14A smaller column such as a 1.5 cm diameter disposable column (e. g., Bio-Rad Econ-Pac #732-1010) is needed when scaling down the prep (~100 g of cells) and less than 2.5 mL of Glutathione Sepharose 4B resin is used. These smaller columns can also be used in the prep described here as an alternative to the 2.5 cm glass Econo-Column. If using for this prep, split the 6 mL of resin into three 1.5 cm columns. In either case, a stopcock and a piece of tubing attached to the bottom of the column will help to keep the solution flowing (due to the increased height between the top of the liquid and the column outlet) and will allow stopping the flow to recover the resin.

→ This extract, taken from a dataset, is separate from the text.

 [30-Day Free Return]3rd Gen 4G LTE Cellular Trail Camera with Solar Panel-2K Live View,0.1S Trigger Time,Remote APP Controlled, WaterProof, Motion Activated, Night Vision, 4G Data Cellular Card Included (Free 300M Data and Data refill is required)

15The Saccharomyces cerevisiae Arp2/3 complex ArpC1 subunit (ARC40) has been reported to have an odd mobility on SDS-PAGE gels (30). We have routinely noted this as well. The protein may not appear on the gel at all when samples are prepared in a standard fashion (mixed with 2× reducing SDS loading buffer and heated at 95°C for 3–5 minutes). This seems to be specific to ARC40 at moderate to high concentrations, and is dependent on heating of the SDS-PAGE samples. If it is necessary that ARC40 completely enter the gel, dilute the sample to ~40 nM or less prior to the addition of SDS and reducing agent, and omit the heating of the sample. In many cases, this drops the concentration out of standard coomassie gel staining sensitivity, necessitating silver staining or Western blotting methods.
16Given the length of the second day of the preparation (Section 3.4), once Arp2/3 complex is eluted from the GST-VCA column it is held at 4°C overnight and then exchanged into buffer QC the following day. A desalting column is employed to save time (Section 3.5, steps 1 and 2). If necessary, this allows delaying of SDS-PAGE assessment and pooling until the morning of the third day. Alternatively, dialysis could be set up against 4 L of buffer QC at the end of the second day and steps 1 and 2 of Section 3.5 skipped.

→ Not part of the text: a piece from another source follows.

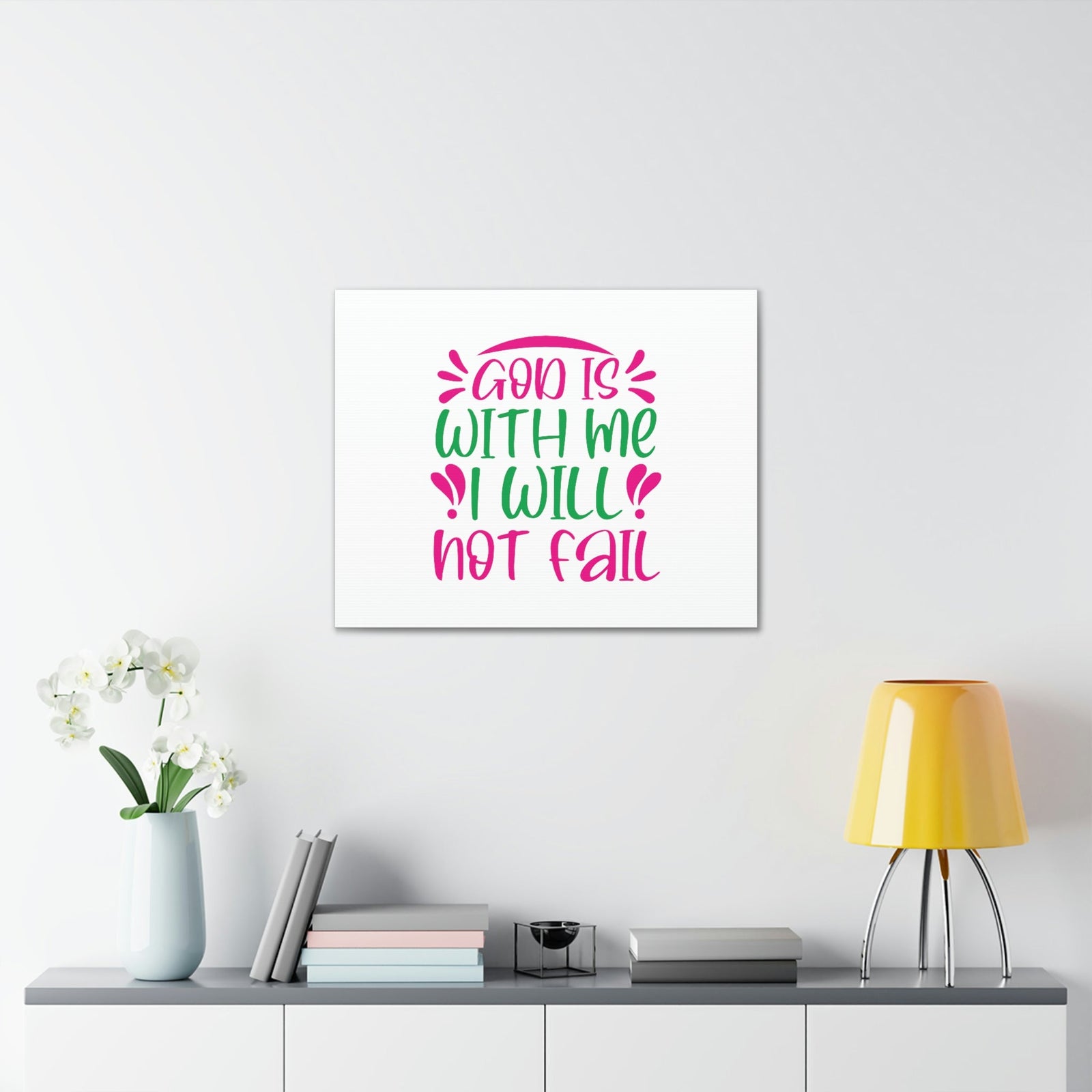 Scripture Walls God Is With Me, I Will Not Fail Psalm 46:5 Christian Wall Art Bible Verse Print Ready to Hang Unframed-Express Your Love Gifts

17Our method of quantifying Arp2/3 complex is based on tryptophan UV absorption. An extinction coefficient at 280 nm of 245240 M−1 cm−1 was estimated from the number of tryptophan and tyrosine residues (24 and 76, respectively) in a complex. As the complex may bring an ATP or ADP nucleotide along with it during purification, we routinely measure absorption at 290 nm, and correct for any scatter by using the absorption at 314 nm. By measuring the relative absorbance of a sample judged to be devoid of nucleotide at 280 nm and 290 nm, we found the A290/A280 ratio to be 0.6. Thus, we routinely measure the concentration using an extinction coefficient at 290 nm of 147000 M−1 cm−1. Our experience using laser interference to quantify the complex during analytical ultracentrifugation experiments shows this extinction coefficient to be within 10% of the correct value.

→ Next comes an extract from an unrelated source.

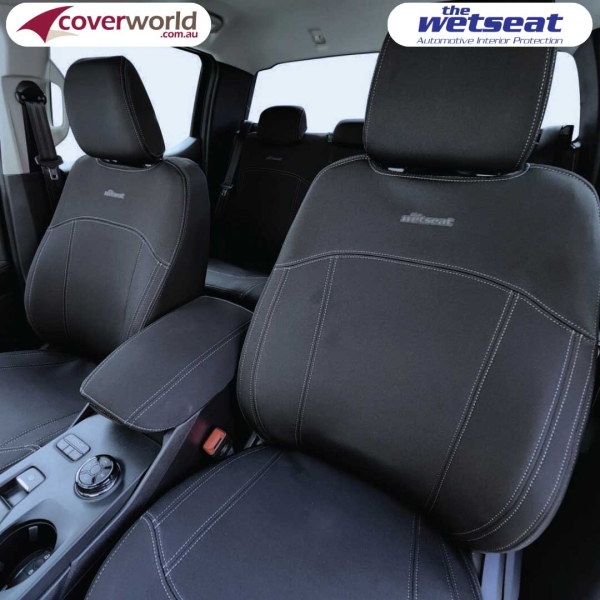 wetseat neoprene seat covers - volkswagen amarok- 2h series - dual cab ute - custom fit seat covers - ultimate - choose black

18Directly freezing small aliquots of Arp2/3 complex in liquid nitrogen results in a slight degree of aggregation, and measurable loss of activity. For routine assay at 10 nM of Arp2/3 complex in pyrene actin polymerization assays, we supplement 600 nM Arp2/3 complex in KMEHd-A with one half of a part buffer F (i. e., 5 mL of buffer F is added to 10 mL of 600 nM Arp2/3 complex solution). Small volumes (e.g., 80 µL) can then be placed into small tubes (200 µL thin wall PCR tubes are convenient for this) and snap frozen in liquid nitrogen. For additional commentary, see the bovine Arp2/3 complex purification notes (23).